Here is the history of new one-family home sales in a nutshell:

Over the past 60 years, new one-family homes have been built and sold at an average rate of 2,500 per million population. We exceeded that average by a cumulative 2.8 million homes during the boom of 1995-2006, and then lagged it by 4.0 million homes during the bust of 2007-2019.

And we're still below average. Even during the 2020-21 boom we only slightly exceeded it for a grand total of six months before falling below again.

8 thoughts on “Raw data: Single-family home sales through history

  1. Joseph Harbin

    And what happened around 2005 to drive home sales off a cliff into a decades-long plunge it has yet to recover from?

    That's when the NIMBYs took over!

    Just kidding, but that would be a logical conclusion if you listen to most pro-housing advocates on Twitter & elsewhere. You'd think there's no such thing as a market, only aging homeowners fighting growth to protect their home value and their view.

    Maybe the burst of the housing bubble and the aftermath of the GFC had something to do with it?

    1. jte21

      The graph shows home *sales* not new construction starts. And it's sales for detached dwellings, not apartments, condos, or townhomes. What the NIMBYers generally prevent is the building of denser, more affordable multi-family dwellings.

      1. Joseph Harbin

        Data on multi-unit completions show a falloff after the GFC too, then a recovery.

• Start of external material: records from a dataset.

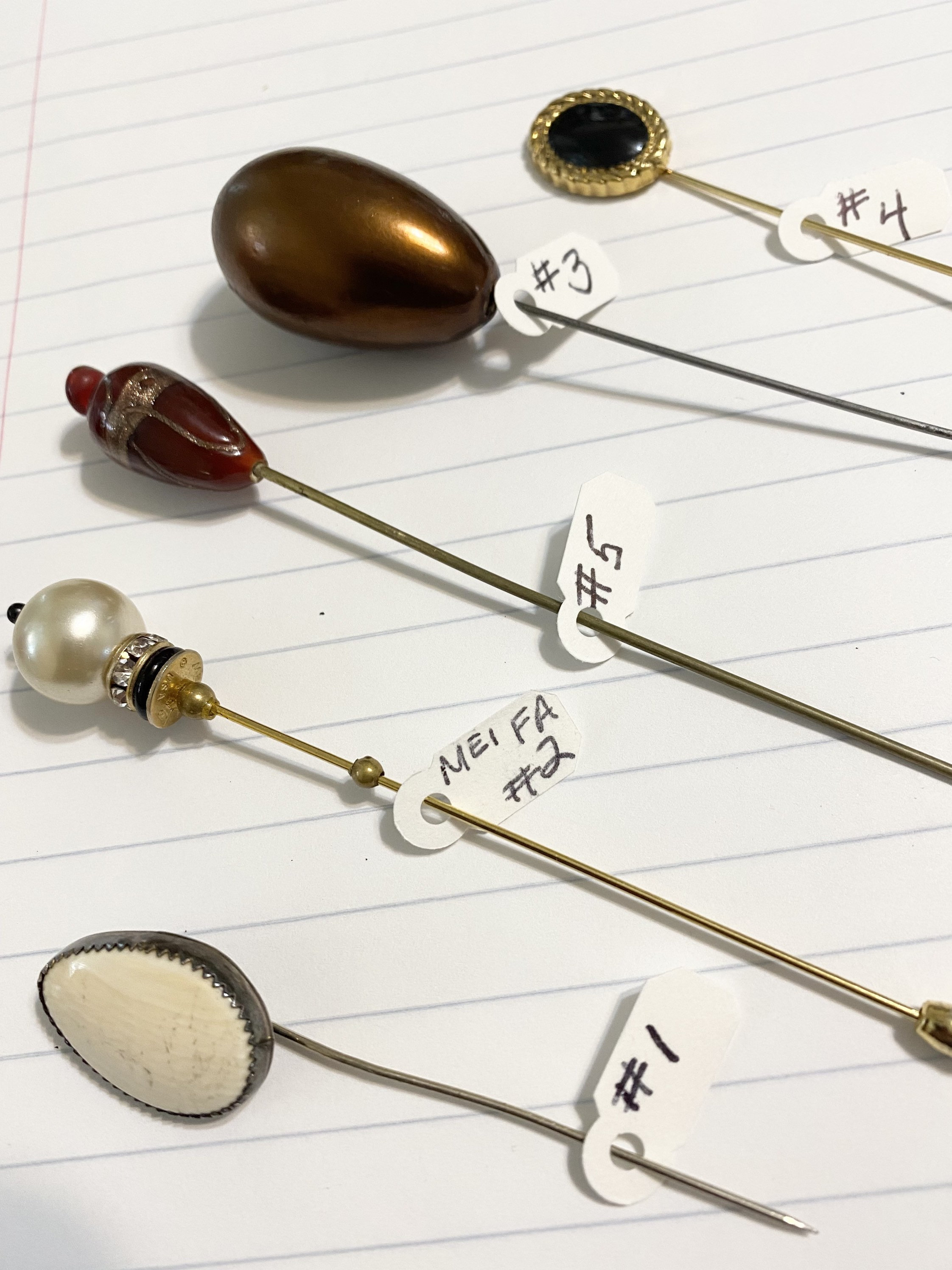 Hat Pins and Stick Pins Vintage Mei FA USA 1978 Sterling Etsy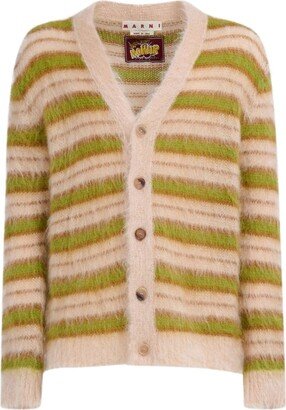 V-neck striped cardigan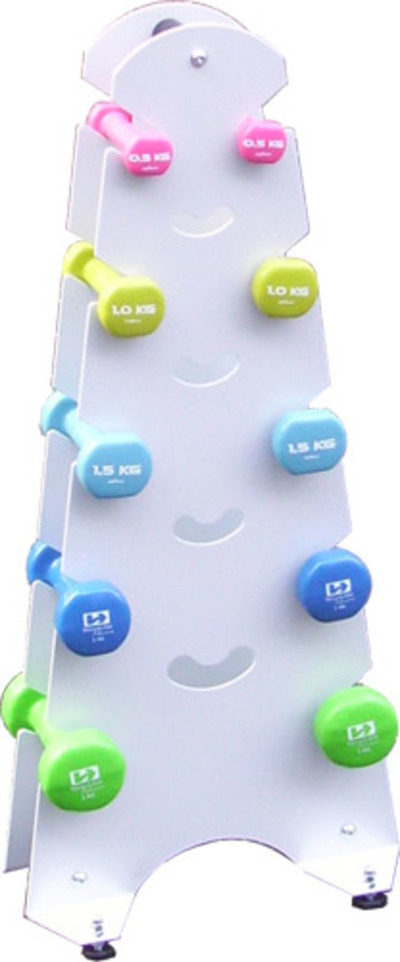 Juego de 5 pares de mancuernas con Soporte Metálico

        https://alfred.stlouisfed.org/series?seid=COMPU5MUSA
        (click Max)

        Longer-term, completions are doing better now than the early 2000s, but are still well off the highs of the '70s and '80s. Why is that? NIMBYs?

        I'd say it's probably demographics. Millennials are now where boomers were decades ago, and I'd expect the recovery to extend to the '20s and '30s.

        The Market > NIMBYs.

  2. Austin

    I think it’s high time for another one of Kevin’s patented “the millennials don’t have it so rough compared to previous generations” posts.

  3. coffee2gogo

    One problem with this graph is that it does not take into account the increasing (in some locations, quite a lot) number of single family homes that are rentals. As I recall, 2008 was when wall street started buying them en-mass, and not as REITS even, but in a hedge fund structure. Also there has supposedly been a gradual increase over the years in properties bought simply as a store of wealth without intention of living in or renting, especially on the coasts. Besides all that some single family homes are not primary residences, but "vacation" properties, which also have different buying/selling patterns.

    It seems like the available housing stock shouldn't matter whether it is rental or primary resident owned, but certainly it messes with historical patterns of buying and selling.

    I'm not sure how to determine whether a house is a rental or not--the ownership should be public record, but that doesn't indicate if the owner is an individual renting it out.

    1. kaleberg

      This explains why it has been harder to buy a house. It was relatively easy to buy a house during the boom. The mortgage people were desperate to find borrowers to populate the tranches of their complex derivative financial instruments. Hence the liar loans, zero down loans and every other variant. It didn't matter if they generated cash flow. The ratings agencies were more than glad to certify the packages as excellent, and there was lots of money to be made.

      After the bust, banks got a lot more cautious. The fact that so many people were broke and it was going to take time for house prices to find post-boom market values meant fewer buyers and even fewer builders. Integrate the area between the mean line and the curve. The area during the boom is smaller than the area during the bust. That means a deficit of homes.